How To Make Brushes In Affinity Designer

How to make brushes in Affinity Designer

One of the many features in Affinity Designer that makes it such a powerful tool for vector design is having this ability to work with brushes. This is a feature that is mostly utilized in raster environments like Photoshop or GIMP, but that doesn’t mean that brushes don’t have a place in a vector application. In this tutorial I’ll be demonstrating how you can make brushes in Affinity Designer based on your own designs and custom shapes. Knowing how to do this will allow you to explore your creativity and come up with interesting, unique designs of your own.

In short, vector brushes in Affinity Designer are simply PNG images stretched along a path. So what we’ll essentially be doing is creating a design, exporting it as a PNG image, then importing it back into the software to utilize it as a brush.

Make Brushes In Affinity Designer

To make brushes in Affinity Designer, export your design as PNG image, then open up the Brushes tab, click the menu icon, select “New textured image brush,” and choose your saved PNG image when prompted.

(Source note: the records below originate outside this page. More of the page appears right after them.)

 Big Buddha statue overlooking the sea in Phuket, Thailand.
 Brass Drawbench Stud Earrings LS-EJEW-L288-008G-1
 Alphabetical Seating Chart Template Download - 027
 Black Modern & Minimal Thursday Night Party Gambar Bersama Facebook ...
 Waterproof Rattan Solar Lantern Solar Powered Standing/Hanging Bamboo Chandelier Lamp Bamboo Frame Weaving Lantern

The following steps will walk your through the process of creating your own custom brushes in Affinity Designer. For a more immersive learning experience, it is recommended that you watch the video tutorial that I’ve put together:

The video will guide you through some of the more complicated steps that may be difficult to learn through written format. However, if you’d like to give the written tutorial a try then continue on.

Contents

Step 1: Create A Design For Your Brush

In order to make brushes in Affinity Designer we first need an object, design, or sketch to make into a brush. This can be anything, including:

  • Vector objects
  • Text objects
  • Raster images
  • Groups of objects
  • Clipping paths
  • & more

Virtually anything can be used as a brush in Affinity Designer, but for this demonstration I’ll be opening up the Pixel Persona and creating a rudimentary scribble:

Scribble
This rudimentary scribble will make for a nice brush stroke once converted.

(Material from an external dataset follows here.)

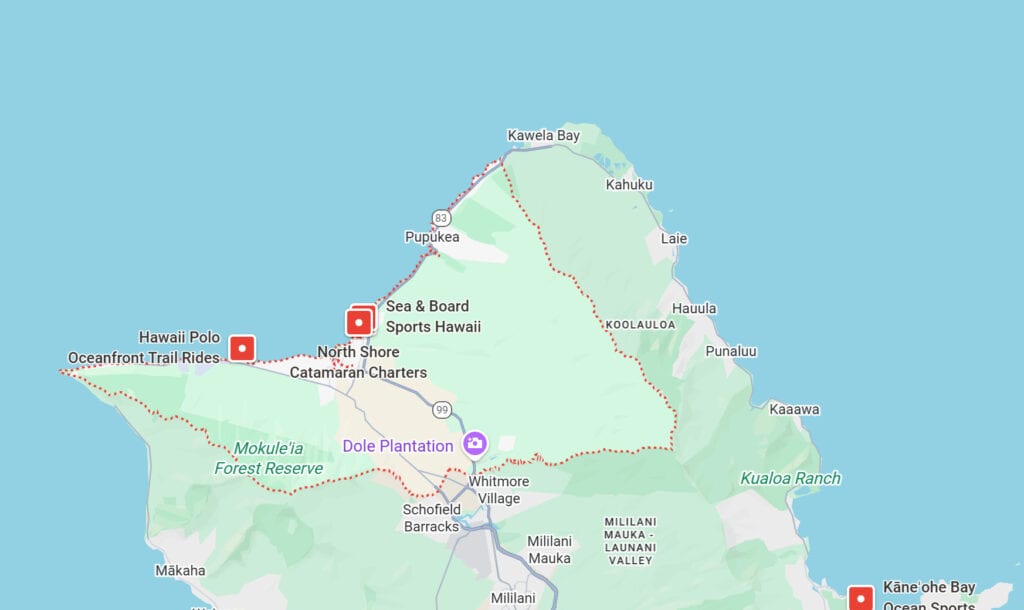 Wide coastline on the North Shore of Oahu Map with beach and hills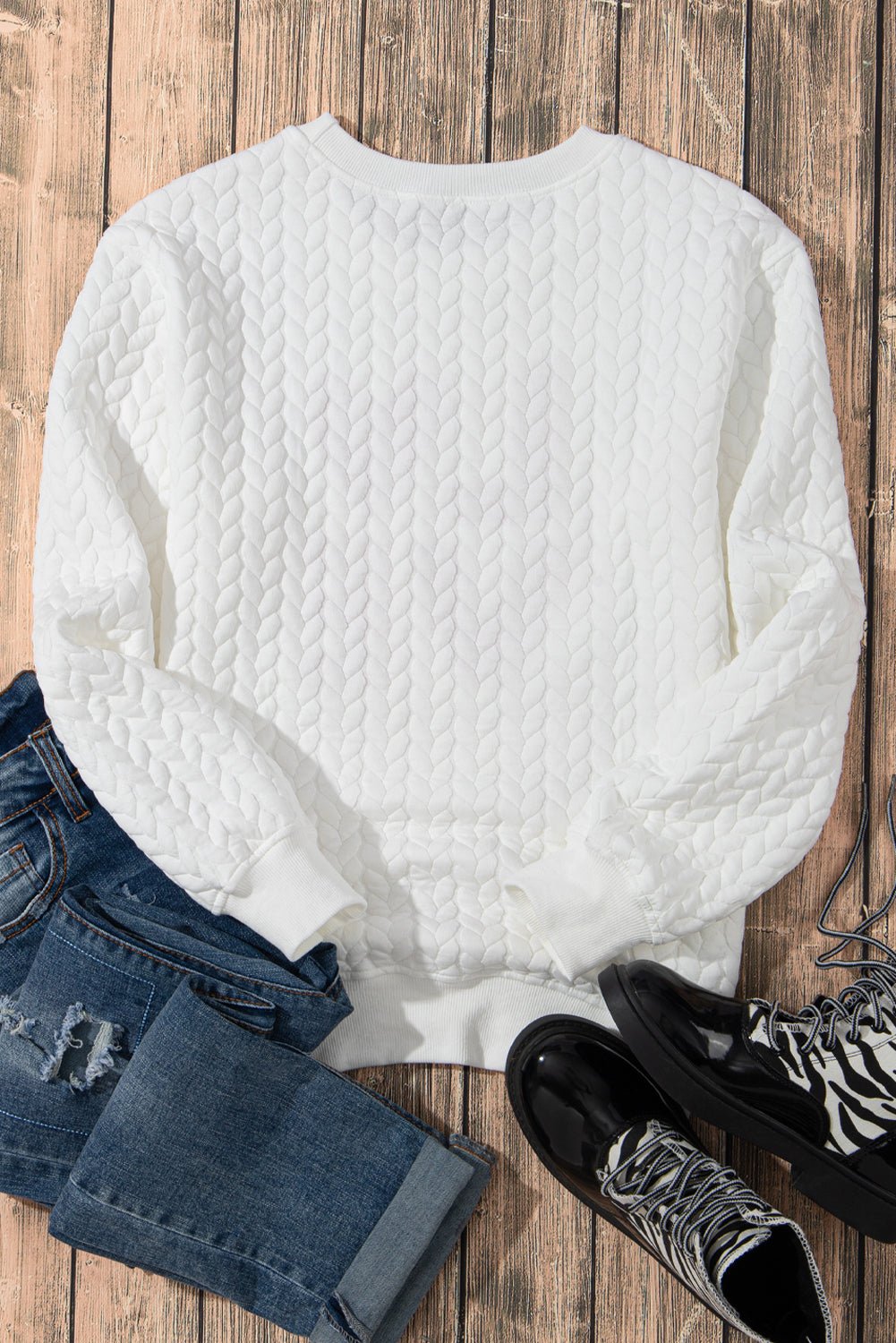 White Quilted Valentine Love Heart Shape Graphic Sweatshirt - MAD RUFFI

You don’t necessarily need to do the same. You can use whatever object you’d like.

If you’d like to follow along with what I’m doing then make sure to check out the video tutorial above in which I walk you through the process of using the Pixel Persona to create this scribble.

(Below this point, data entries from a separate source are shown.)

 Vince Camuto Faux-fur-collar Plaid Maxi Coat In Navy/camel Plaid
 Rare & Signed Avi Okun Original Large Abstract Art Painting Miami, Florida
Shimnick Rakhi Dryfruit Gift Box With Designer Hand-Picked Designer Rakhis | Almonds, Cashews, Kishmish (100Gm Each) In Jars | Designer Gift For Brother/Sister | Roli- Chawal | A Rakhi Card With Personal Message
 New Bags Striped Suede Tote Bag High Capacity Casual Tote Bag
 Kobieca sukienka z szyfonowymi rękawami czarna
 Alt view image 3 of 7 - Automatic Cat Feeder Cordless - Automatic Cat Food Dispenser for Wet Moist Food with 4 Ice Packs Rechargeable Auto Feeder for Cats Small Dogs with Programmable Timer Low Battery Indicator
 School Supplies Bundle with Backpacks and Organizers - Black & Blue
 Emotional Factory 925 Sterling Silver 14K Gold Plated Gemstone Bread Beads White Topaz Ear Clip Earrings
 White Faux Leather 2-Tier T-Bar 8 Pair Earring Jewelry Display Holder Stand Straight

Step 2: Export Your Design As A PNG

Once you have some kind of object in place that you’d like to make into a brush, the next step is to export it as a PNG image. If you want to make brushes in Affinity Designer using your own designs then they will have to be in PNG format. It won’t work with any other file type.

Open up the Export Persona, open the Layers tab, select the layer that you object is located on, then click the button at the bottom of the menu labeled Create Slice.

Export and create slice
The Export Persona can be accessed using the icon at the top of the screen that looks like a share button. The Layers menu is located on the bottom-right of the screen.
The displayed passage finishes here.